Thursday, June 7, 2012

Carlos Fuentes: Montparnasse

Héctor Soto




Si algún rasgo hay en la cartografía funeraria es la arbitrariedad. Fuentes, que era un príncipe, reposará cerca de César Vallejo, casi un mendigo.

Debe ser duro para los mexicanos aceptar que haya sido finalmente París la ciudad que se quedó con los restos de Carlos Fuentes. Fuentes llegó a estar a la altura en su patria de Juárez, el cura Hidalgo y Pancho Villa. Los festejos con ocasión de sus 80 años fueron lo más parecido a una coronación que en una república pueda caber y que terminara en Montparnasse puede ser una decepción para el orgullo patriótico. También lo fue para los argentinos que Borges haya ido a parar a Ginebra.

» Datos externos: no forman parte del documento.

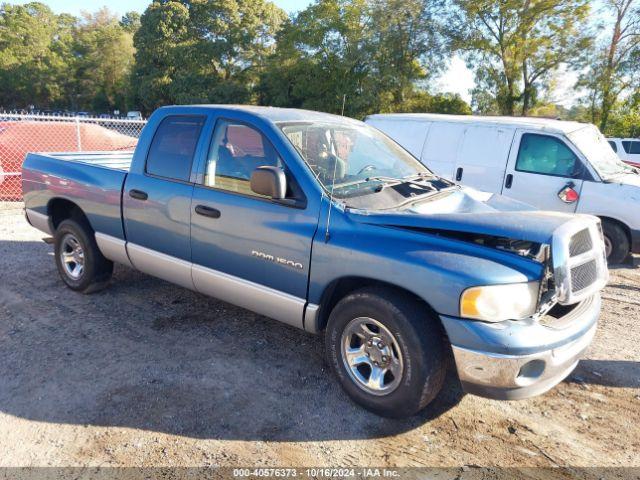  Salvage Dodge Ram 1500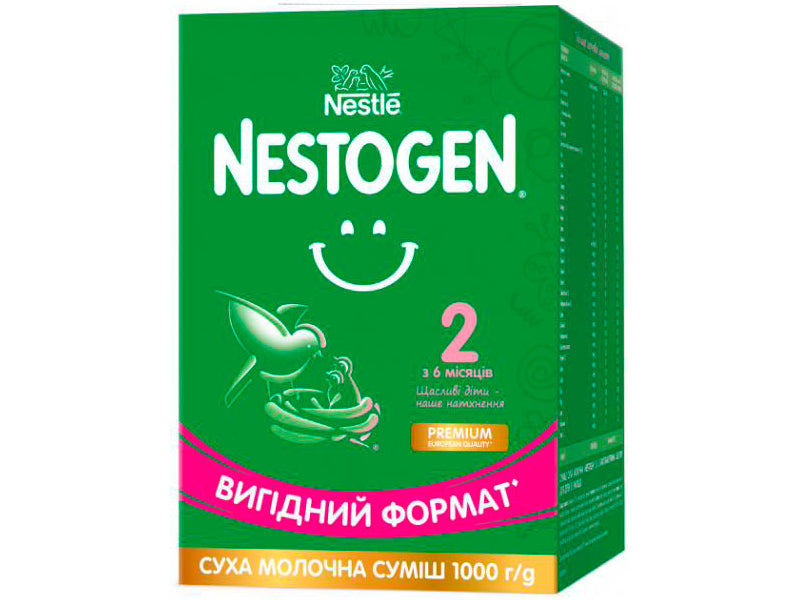 Nestle Nestogen 2 Новый 1000г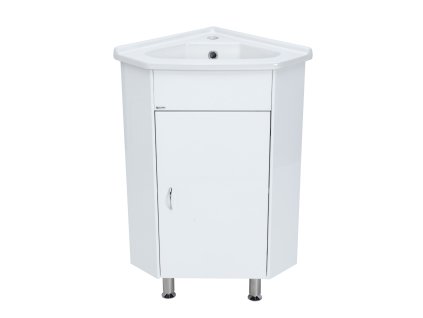 Keramia Koupelnová skříňka s umyvadlem Keramia Pro 57,3x41 cm bílá PRORSDV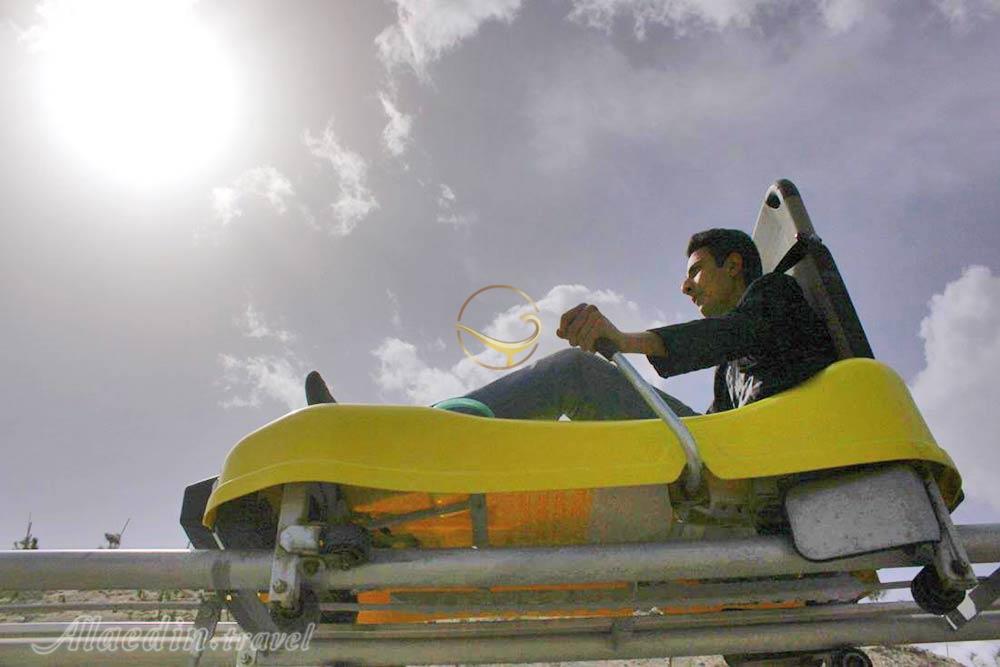 سورتمه تبریز | علاءالدین تراول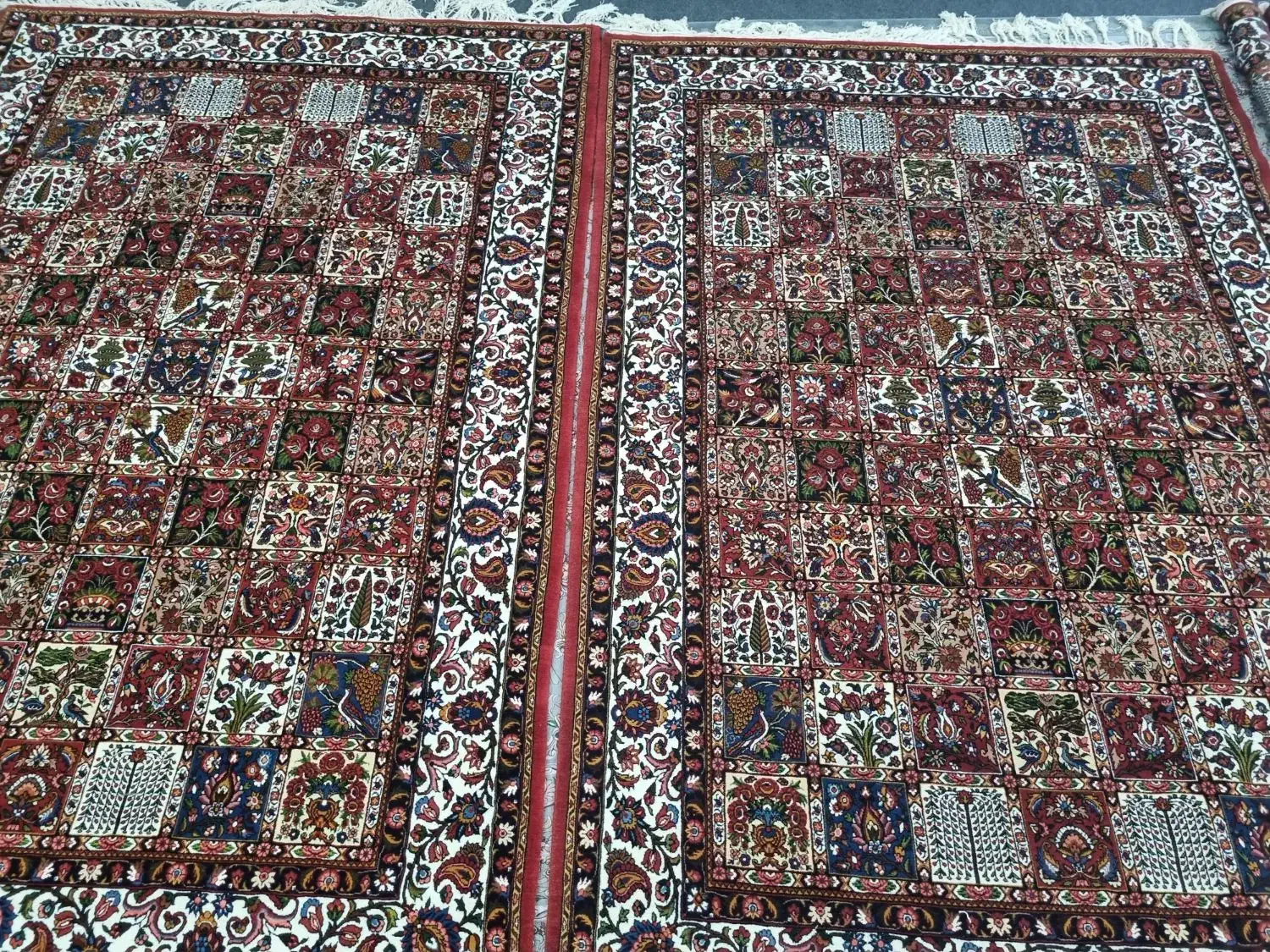 قالی دستبافت|فرش|شهرکرد, |دیوار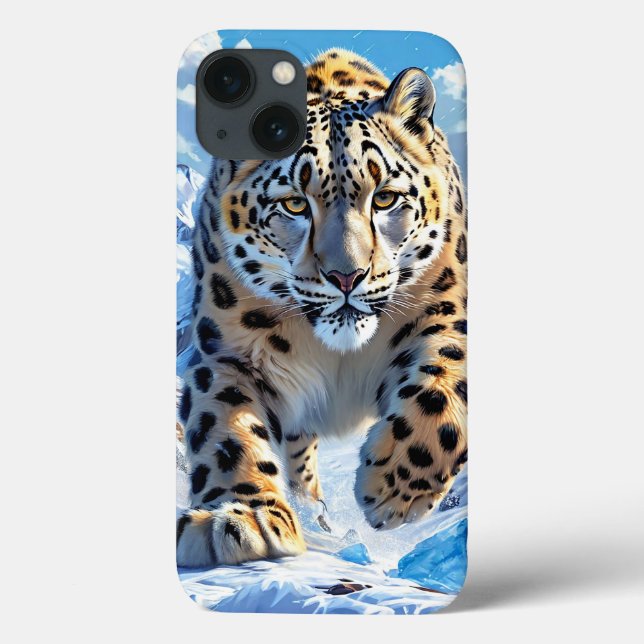 Elegante Design Estético de Grande Felino de Inver (Verso)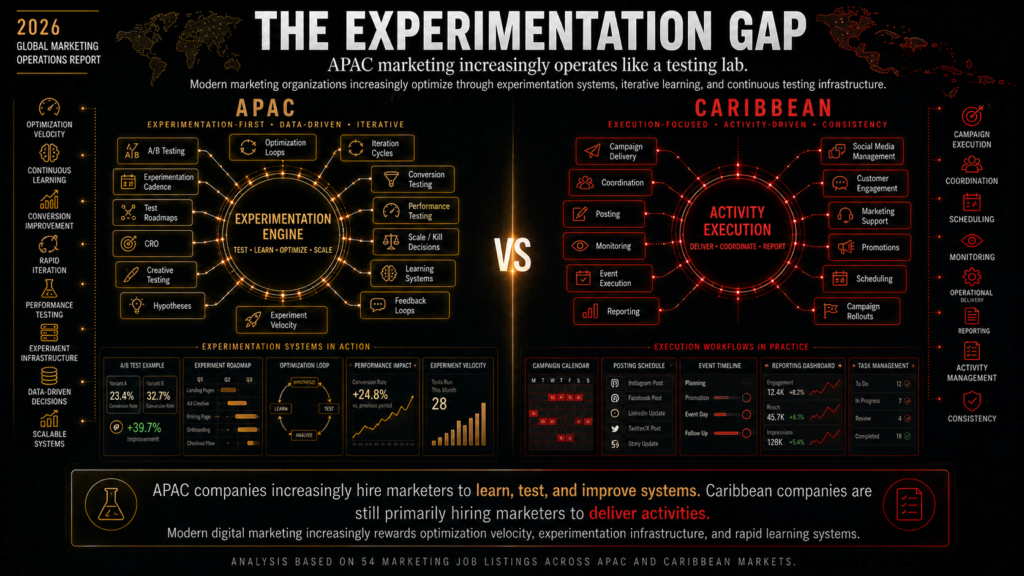 the experimentation gap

En el caso de Fuentes, no todo es puro arribismo cultural, como creerían seguramente quienes lo venían ninguneando como novelista desde hace años. El autor de La muerte de Artemio Cruz se preocupó del lugar que iba a ocupar después de muerto tanto como siempre le interesó el tema en vida. En Montparnasse al fin y al cabo descansaban sus dos hijos muertos -Carlos y Natasha- y allí también lo hará, cuando le corresponda, su mujer, la periodista Silvia Lemus. Su hijo Carlos, que era hemofílico, tenía 25 años cuando murió en un hotel de Puerto Vallarta de infarto pulmonar. Y cuando a Natasha la encontraron sin vida en extrañas circunstancias, casi como indigente, en un callejón del barrio de Tepito, cerca del centro histórico del D.F., ella ya andaba por los 30. El hallazgo cerró un dramático capítulo de fatalidad familiar y una brecha terrible entre la vida pública y privada.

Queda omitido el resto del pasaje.